Eden? Plants between Science and Fiction

Ein Projekt von Promovierenden und Masterstudentinnen aus den Philologien der WWU Münster
© Eden

Welche Rolle spielen Pflanzen in Science-Fiction-Literatur und -Filmen?

Um diese Frage dreht sich die Ausstellung Eden? Plants between Science and Fiction, die vom 15. bis 29. Mai 2022 in der Orangerie des Botanischen Gartens zu sehen ist.
Im Mittelpunkt der Ausstellung stehen neben Darstellungen von utopischen Gärten und letalen Horror-Pflanzen Texte und Filme, in denen über pflanzliche Handlungsmacht und Intelligenz spekuliert wird. Dazu gehören frühe Ausprägungen der deutschsprachigen Science-Fiction wie Alfred Döblins Roman Berge Meere und Giganten (1924), aber auch Film-Klassiker wie The Thing from Another World (1951) und zeitgenössische englischsprachige Literatur wie Sue Burkes Semiosis (2018).

Zwei Fragen leiten unsere Arbeit: Wie findet Wissen aus der Botanik Eingang in die Literatur? Wie ändert eine mögliche pflanzliche Intelligenz unseren Blick auf die Umwelt?

Aktuelle Science-Fiction-Texte und -Filme adressieren zum Beispiel die drängenden ökologischen Herausforderungen, die mit der Klimakatastrophe einhergehen, oder präsentieren neue Formen des Zusammenlebens zwischen Pflanzen und Menschen.

Seit dem Sommersemester 2021 erarbeiten wir die Ausstellung inhaltlich und organisatorisch. In Workshops und Seminaren mit Autor:innen, Wissenschaftler:innen und Kulturschaffenden haben wir uns mit zeitgenössischer Science-Fiction des westlichen Kulturraums auseinandergesetzt und die Ausstellung konzipiert.
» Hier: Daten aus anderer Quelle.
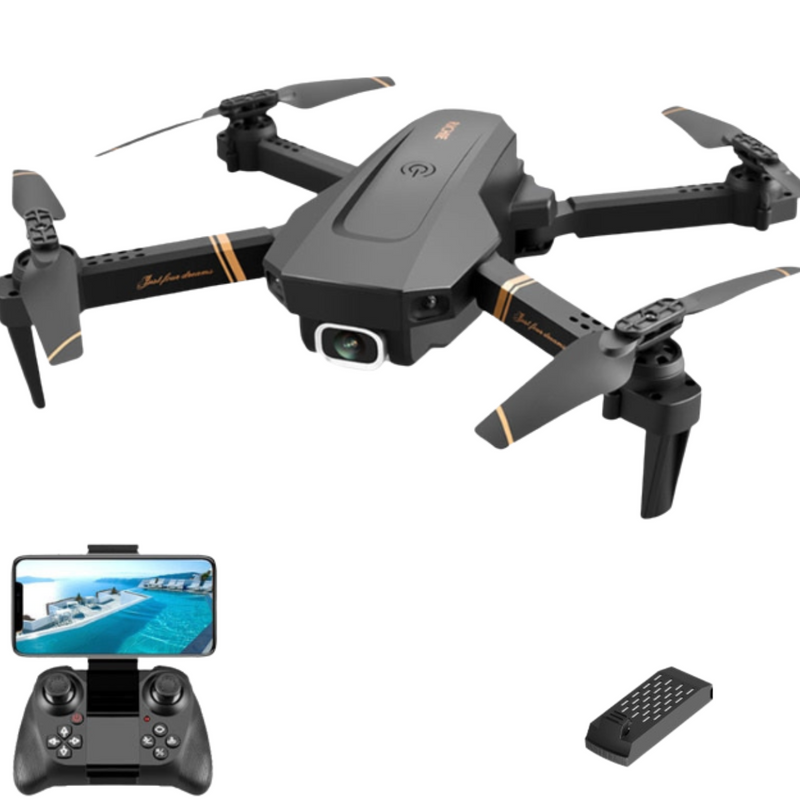 Drone Profissional Quadcopter Com Wifi e Controle Remoto - Mercatudo Store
Ziel ist es, unsere Ergebnisse einem breiten Publikum zugänglich zu machen. Die Ausstellung richtet sich daher sowohl an Science-Fiction-Expert:innen, Pflanzen-Freund:innen und kulturwissenschaftlich Interessierte als auch an Menschen, die sich diesen Themen das erste Mal widmen. Damit leisten wir einen Beitrag zur Wissenschaftskommunikation und zur Third Mission der Universität Münster. Im Herbst 2022 wird die Ausstellung zudem an der University of Arizona zu sehen sein.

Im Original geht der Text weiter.